Twin-woofer speakers seem to be getting more popular but, unlike D'Appolito designs, where a central tweeter is flanked by two identical woofer/mid-range drivers, the Focal Twin takes a different approach, which is also used by ADAM in some of their monitors. In the Twin 6, one of the cone drivers handles both bass and mid-range while the other handles only the bass, making this a three-way design. The Twin 6 is active and designed for professional nearfield or midfield applications. The three internal amplifiers deliver 150 Watts into each of the Focal 6W4370B cone drivers and 100 Watts into the tweeter, making a massive 400 Watts in total. The technical information provided by Focal states that the two larger amplifiers are based on 'BASH' technology — which I assume doesn't mean you have to hit them to get them started! Though driven differently, the two 6.5-inch drivers are identical, and are based on a 'W' cone sandwich composite material, in a soft-roll rubber suspension. The design is magnetically shielded by the use of cancelling magnets, so the speakers can be used relatively close to CRT monitors without causing picture problems. The drivers and amplifiers share the same acoustic space and there seems to be very little damping material inside the cabinet.
Bass loading is via two low-turbulence ports at the sides of the baffle, and a centrally placed Focal TB871 inverted-dome beryllium tweeter handles the high end. Beryllium is now designated a hazardous material, so specific documentation relating to its shipping and disposal is included in the manual. By restricting the mid-range to only one of the two drivers, the phase problems that can occur when reproducing the same signal from two drivers are reduced except at very low frequencies. The long wavelengths involved at the low end mean that routing the bass to both drivers to double up on power handling causes no significant phase issues.
As with other speakers of this type, the Twin 6 is designed to be used horizontally, which can be an advantage when mounted on a meter bridge. Though they are relatively compact, at 250 x 500 x 340mm (9.8 x 19.7 x 13.4 inches), and weigh around 14kg each, the frequency range of these speakers covers a more than respectable 40Hz-40kHz, though the lack of information on how many dB down the level is at these points renders these figures less informative than they might otherwise have been. The peak SPL is 115dB, which is not as loud as some midfield monitors, but more than loud enough for sensible monitoring — and almost loud enough to be used as a small PA system!

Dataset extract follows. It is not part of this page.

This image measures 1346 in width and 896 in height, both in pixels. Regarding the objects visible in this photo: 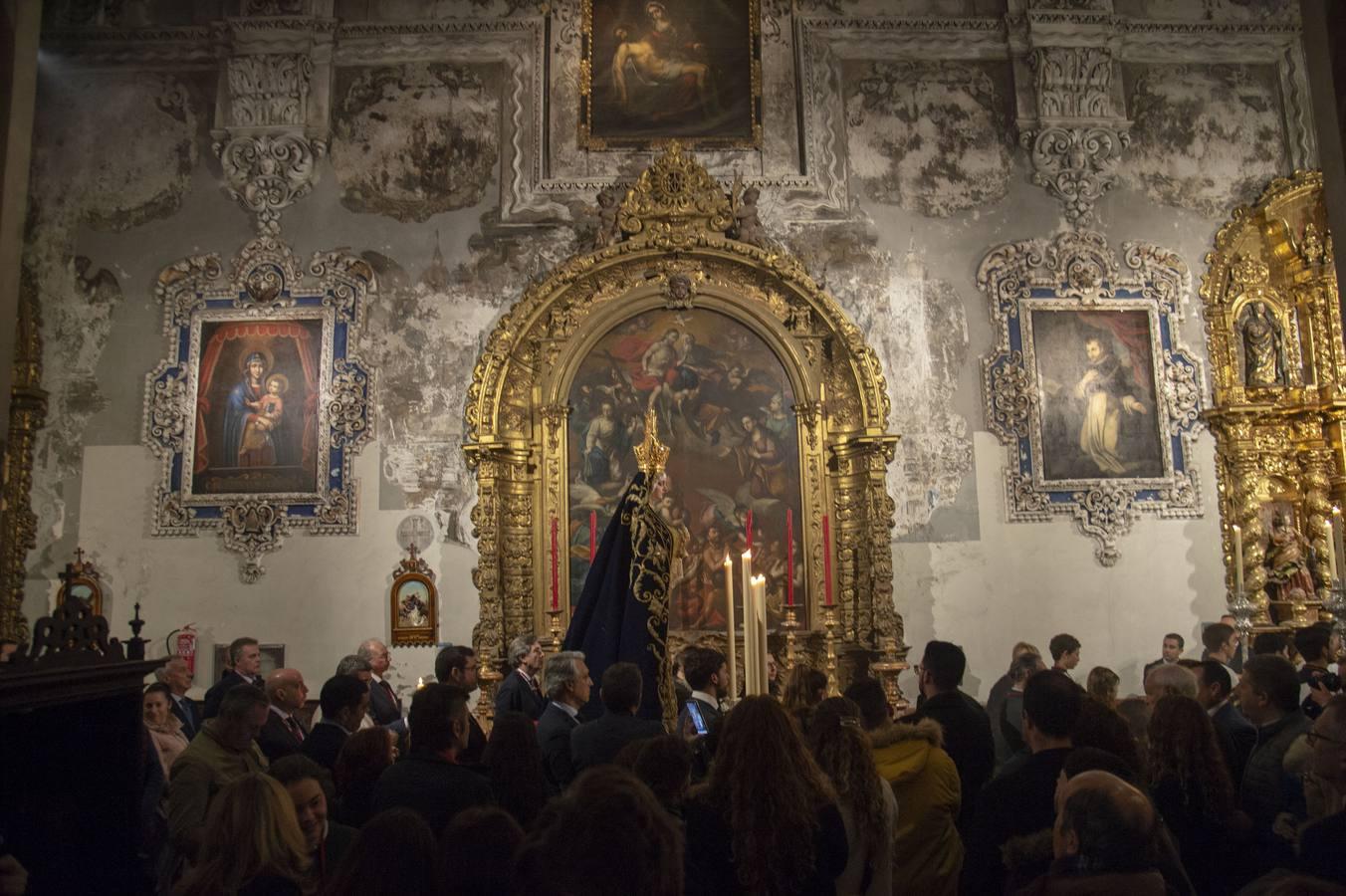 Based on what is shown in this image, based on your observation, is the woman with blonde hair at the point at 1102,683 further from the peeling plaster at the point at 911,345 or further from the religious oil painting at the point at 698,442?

All the necessary connections and controls are found on the rear panel. The mains inlet (230V or 115V switchable) is a standard IEC connector, with associated switch and power LED. The input is electronically balanced, with a switchable sensitivity of +4dBu or -10dBV. All the electronics are mounted on the metal rear panel, which also doubles as a heat sink. This panel is recessed flush with the rear of the cabinet and held in place by a number of cap-head screws.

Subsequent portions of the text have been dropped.